Countable subset and monotonic function

let E be subset of R which has no isloated points(or C does not have any isolated point of E) and C be countable subset of R does there exist a monotonic function on E which is continuous only at points in E-C?

The problem is from Royden 4th edition page 109.

I know the proof in case E is an open bounded interval only.
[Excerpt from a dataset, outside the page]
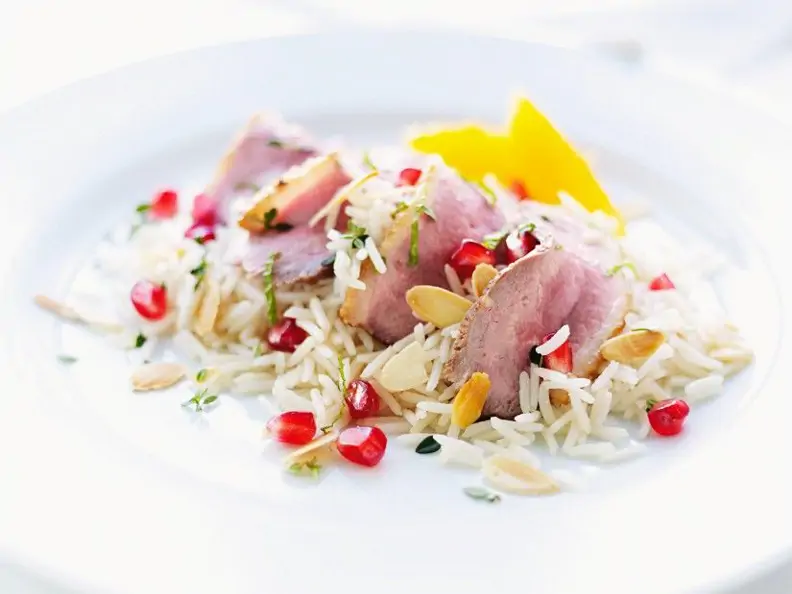 Reissalat mit Entenbrust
Solutions Collecting From Web of "Countable subset and monotonic function"

Let

$$L=\left\{x\in C:\exists y_x\in\Bbb R\big(y_x<x\text{ and }(y_x,x)\cap E=\varnothing\big)\right\}\;;$$

this is the set of points in $C$ that are not limits from the left of points in $E$. Another way to say it is that $x\in L$ if and only if $x\in C$ and $x>\sup_{\Bbb R}\{y\in E:y<x\}$. Let $Y=\{y_x:x\in L\}$; $C\cup Y$ is countable, so let

$$C\cup Y=\{x_n:n\in\Bbb N\}\;.$$

(I’m assuming that $C$ is countably infinite; if $C$ is finite, the problem is fairly trivial.) Let

$$f:E\cup Y\to\Bbb R:x\mapsto\sum_{x_n\le x}\frac1{2^n}\;.$$

Finally, let

$$g:E\to\Bbb R:x\mapsto\begin{cases}
f(y_{x_n}),&\text{if }x=x_n\in Y\\
f(x),&\text{otherwise}\;.
\end{cases}$$

The definition of $f$ ensures that $g$ is discontinuous from the left at every point of $C\setminus L$ and continuous everywhere else, and the modification to get $g$ ensures that $g$ is discontinuous from the right at every point of $L$ without affecting continuity at any other point of $E$. Thus, $g$ is discontinuous precisely at the points of $C$.

Yes, list $E\cap C = \{x_n:n=1,2..\}$. For each $x$ let $N_x=\{n:x_n<x\}$. Define $f(x)=\sum_{n\in N_x}2^{-n}$.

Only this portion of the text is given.